Load the dependencies¶

In [173]:

%matplotlib inline
# For data analysis
import matplotlib.pylab as plt
import pandas as pd
import numpy as np
import seaborn as sns
from matplotlib import cm

# For learning algorithms
from sklearn.linear_model import SGDClassifier, RidgeClassifier, LogisticRegression
from sklearn import cross_validation
from sklearn.preprocessing import scale, StandardScaler
from sklearn.svm import SVC
from sklearn.ensemble import RandomForestClassifier, BaggingClassifier

Load the data¶

In [174]:

df = pd.read_csv('../../dataSandbox/forPelican/nbaWiggins.csv')
allShots = df[np.invert(np.isnan(df.SHOT_CLOCK))]
cMin,cSec = allShots.loc[:,'GAME_CLOCK'].str.split(':').str.get(0),allShots.loc[:,'GAME_CLOCK'].str.split(':').str.get(1)
allShots.loc[:,'secGameClock'] = cMin.astype('int') * 60 + cSec.astype('int')

Dummify variables¶

In [175]:

pd.get_dummies(allShots[['W','LOCATION','FGM']])
allShots.loc[:,'gameWon'] = pd.get_dummies(allShots['W'])['W']
allShots.loc[:,'homeGame'] = pd.get_dummies(allShots['LOCATION'])['H']
allShots.loc[:,'is3Pointer'] = pd.get_dummies(allShots['PTS_TYPE'])[3]
q = pd.get_dummies(allShots['PERIOD'])[[2,3,4,5]]
q.columns = ['q' + str(i) for i in q.columns]
allShots = pd.concat([allShots,q],axis=1)

Clean up¶

In [176]:

dropThese = ['GAME_ID','MATCHUP','CLOSEST_DEFENDER','CLOSEST_DEFENDER_PLAYER_ID','GAME_CLOCK','SHOT_RESULT','LOCATION','W','PERIOD','PTS_TYPE','PTS']
[ allShots.drop(i, axis=1, inplace=True) for i in dropThese ]

Out[176]:

[None, None, None, None, None, None, None, None, None, None, None]

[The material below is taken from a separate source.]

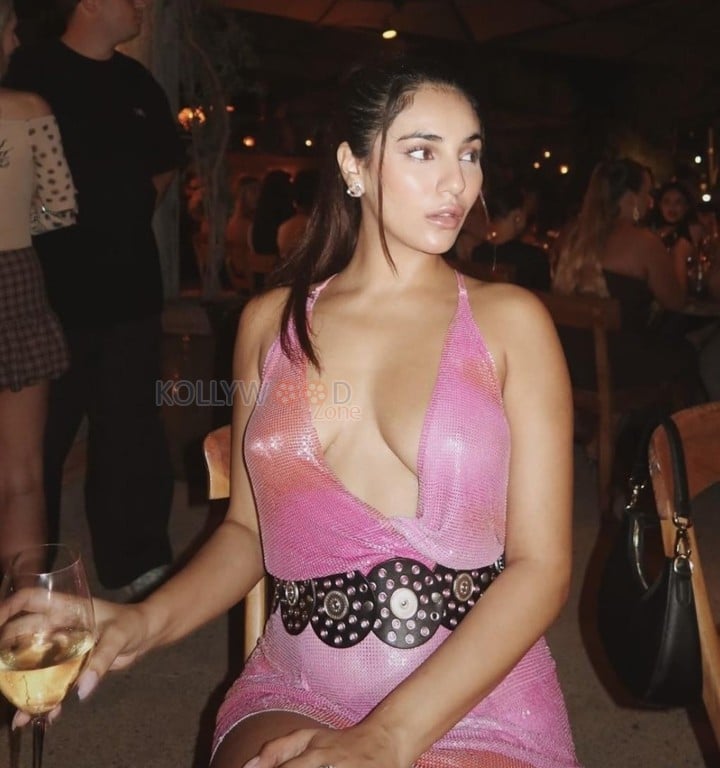 Hottie Radhika Seth Topless in One Night in Ibiza Photos 04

Split the data into a training and test set¶

In [177]:

trainShots = allShots[1::2] #Odd rows
testShots = allShots[::2]   #Even rows

Pluribus machina¶

Now, we will build a series of function to test machine learning algorithms head-to-head. Since these are all implemented in sklearn, it is feasible to create a generalized function to run each learning algorithm.

In [178]:

# Generalized function to implement sklearn learning algorithms

def runLearning(myData,myMod,trainIdx,testIdx,respVar,scaleIt=False,printMe=False): 
    predCol = [col for col in myData.columns if col != respVar] # Get predictor variables
    if scaleIt == True:
        myData = pd.DataFrame(scale(myData), index=myData.index, columns=myData.columns)
    trainSet = eval('myData' + trainIdx).astype(float)
    testSet = eval('myData' + testIdx).astype(float)
    myEst = eval(myMod)
    trainResp = trainSet[respVar].astype(float)
    trainResp.ix[trainResp > 0] = 1    # Need to binarize data or it will break
    trainResp.ix[trainResp <= 0] = 0
    # Train the model
    myEst.fit(
        trainSet[predCol],
        trainResp
    )
    # Test the model
    testResp = testSet[respVar].astype(float)
    testResp.ix[testResp > 0] = 1    # Need to binarize data or it will break
    testResp.ix[testResp <= 0] = 0
    matches = np.count_nonzero(myEst.predict(testSet[predCol]) == testResp)
    testLen = testSet.shape[0]
    if(printMe==True):
        print 'Algorithm used:\n' + myMod + '    scaled=' + str(scaleIt)
        print "Correctly classified:\n" + str(round(float(matches) / testLen * 100,2)) + '%\n\n'
    else:
        return round(float(matches) / testLen * 100,2)

Let's try it out for a couple algorithms¶

In [210]:

runLearning(myData=allShots,myMod='RandomForestClassifier(n_estimators=100)',trainIdx='[1::2]',testIdx='[::2]',respVar='FGM',scaleIt=False,printMe=True) 
runLearning(myData=allShots,myMod='BaggingClassifier()',trainIdx='[1::2]',testIdx='[::2]',respVar='FGM',scaleIt=False,printMe=True)

Algorithm used:
RandomForestClassifier(n_estimators=100)    scaled=False
Correctly classified:
60.44%


Algorithm used:
BaggingClassifier()    scaled=False
Correctly classified:
59.35%

Now, calculate the accuracy for each algorithm¶

In [180]:

dfPred = pd.DataFrame(columns=['algorithm','accuracy','scaled'])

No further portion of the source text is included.